Yeah. It’s a poorly considered and often harmful approach to relationship.
Where does a man even think he’s leading her? By what aim or measure is he making his ”masculine leader” decisions?
If he’s money driven, his leadership will predominantly reflect his desire for financial savings or gain. He’ll quickly orient towards his partner as an expense to be managed (resented) or a tool to be leveraged for more financial gain (he may push her to work in ways she doesn’t want to).
If he’s career driven, she’ll be forced to take a back seat to his endless pursuit of success. He’ll often see her as an impediment to his focus, her needy desire for connection an irritating distraction from time better spent at the office. Or, as often happens in career-driven communities like the military, she’ll be expected to play the dutiful wife serving her husband’s career at whatever cost to her own aims and ambitions.
If he’s status driven, he’ll see her as an object for his own elevation. He’ll expect her to impress others by behaving and looking a certain way – likely skinny, big-boobed, and ever-radiant, if that’s what the men around him prefer (having a woman other men envy is an essential status symbol for this man). He’ll embrace her only so long as she serves his desperate need to be admired, worshipped.
Even if he insists on making her happy above all else (“happy wife, happy life!”) – and many men play it this way – he can only succeed at that game for long by shutting down to his own experience, repressing his own needs. He’ll mask what’s really happening inside, and he’ll resist courageous action for fear of getting it wrong. Thus he eventually leads himself into a life of quiet depression, or one punctuated by occasional explosions of pent-up rage.
Intimate relationships unfold between adults. A true adult is a sovereign being who doesn’t need another adult making choices for them. Parents do that for children. Adult partners don’t need fathering (or mothering) from each other.*
*granted (1) role play can be fun, and (2) relationships may involve helping each other heal childhood wounds by showing up in mothering/fathering ways to a degree, but that’s about compassion and empathy, not leadership.
I’ve been with my wife, Silvy, for 10 years.
Sure, she may be sweet as summer lemonade and lovely as a poem, but God gave her as strong a character as he gave me, and she won’t be lead in any direction – by me or by anyone – that she doesn’t genuinely want to go.
We’ve faced a zillion choices along the way, most minor in consequence, many significant, and a handful with completely life-changing ramifications. We have at times been caught in painful power struggles, which at their heart are borne out of fear of being led astray by the other.
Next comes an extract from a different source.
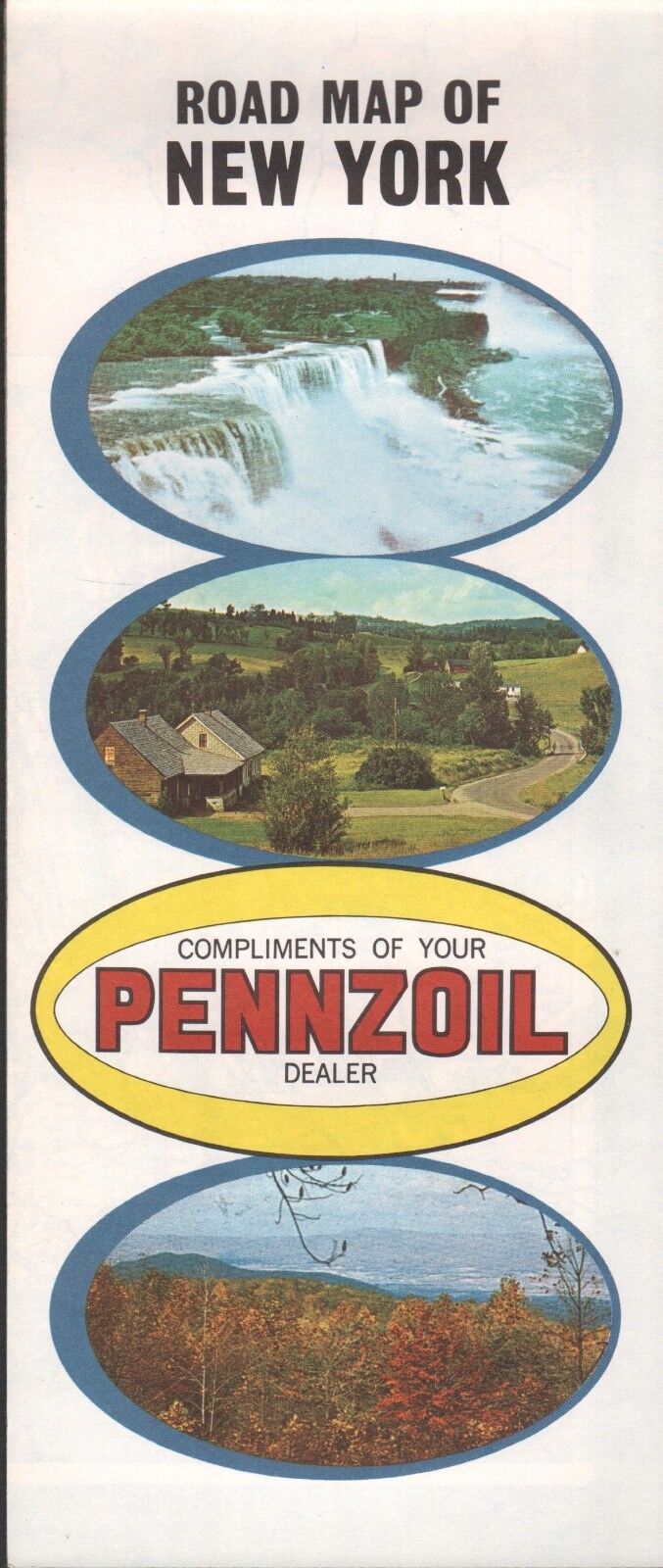 1967 Pennzoil Road Map: New York NOS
Nonetheless, we have ultimately always found our way to collaborating in the direction of our lives together.
We co-lead our relationship. We share power.
Some decisions we make together: where to vacation, where to live, what Netflix shows to watch together (sometimes through gritted teeth).
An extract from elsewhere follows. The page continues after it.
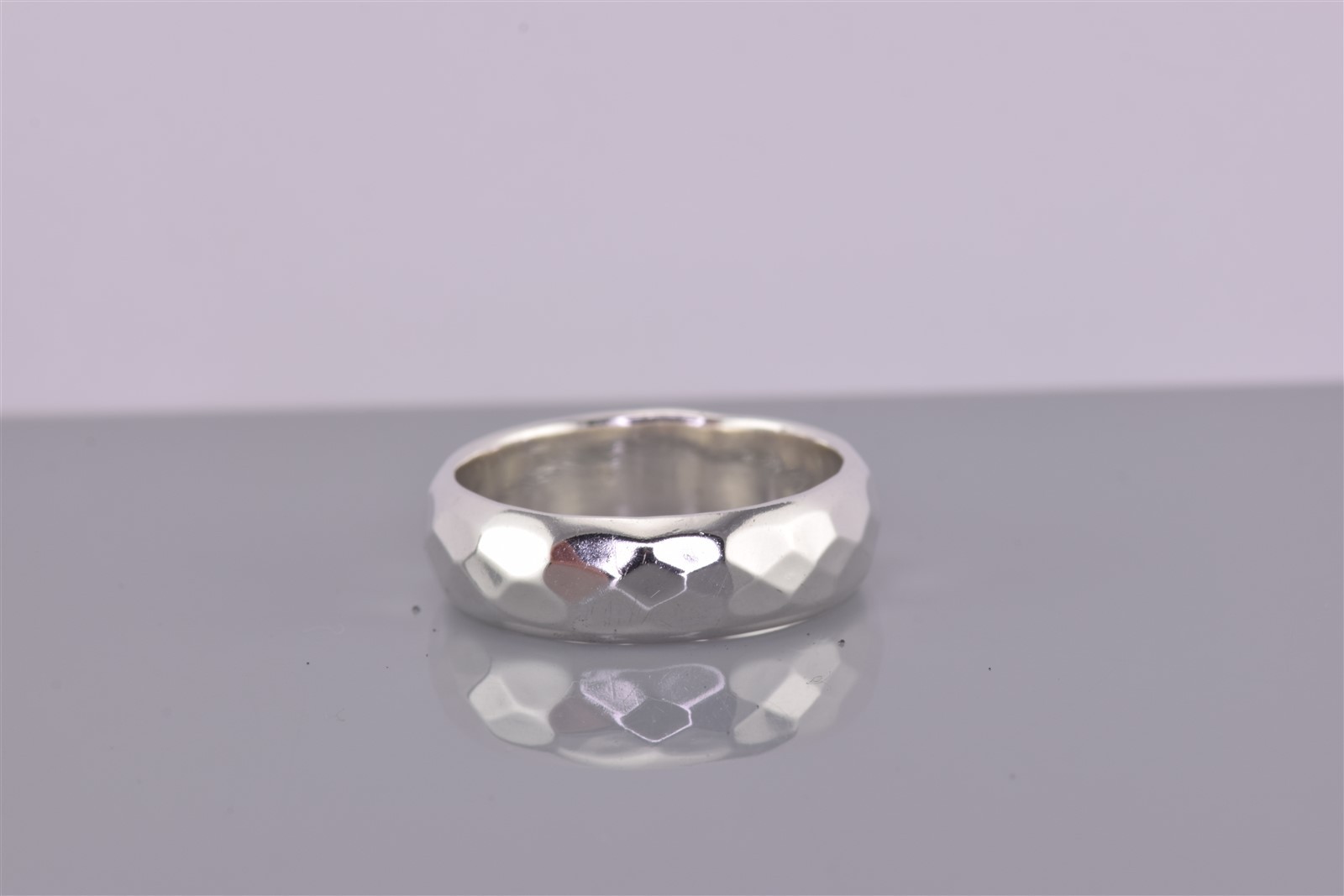 Sterling Silver 6mm Solid Textured Angled Band Ri… - image 5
Some decisions we each own outright for ourselves: what food to put in our bellies, what spirituality to practice, who to befriend.
Some decisions we genuinely let the other be in charge of: Silvy has final say over when/whether we take our dog to the vet, and I run most of our finances.
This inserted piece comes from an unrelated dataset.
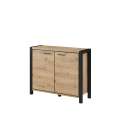 Skjenk Aktiv 112x91 cm - eik - sort - med 2 dører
However we get there, after ten years learning each other’s ways, needs, and sensitivities, we always strive to make choices that ultimately serve the health of our life together. As a result, neither of us ever feels under-represented, unappreciated, ignored, dismissed, or powerless in the life we’re creating together.
In the end, that’s what everyone wants, anyway: to feel seen, heard, appreciated, and powerful in the ways that matter most to them.
All that said .. there actually is a specific leadership a woman absolutely does need from a man:
She needs to know, every day, that he is fully choosing her again today. She needs to know he’s always leading (himself) in the direction of healthy relationship with her – that he has the courage to make even difficult decisions and take uncomfortable actions that ultimately serve her deepest heart, and his.
That’s the leadership she does need from him … and that he also needs from her.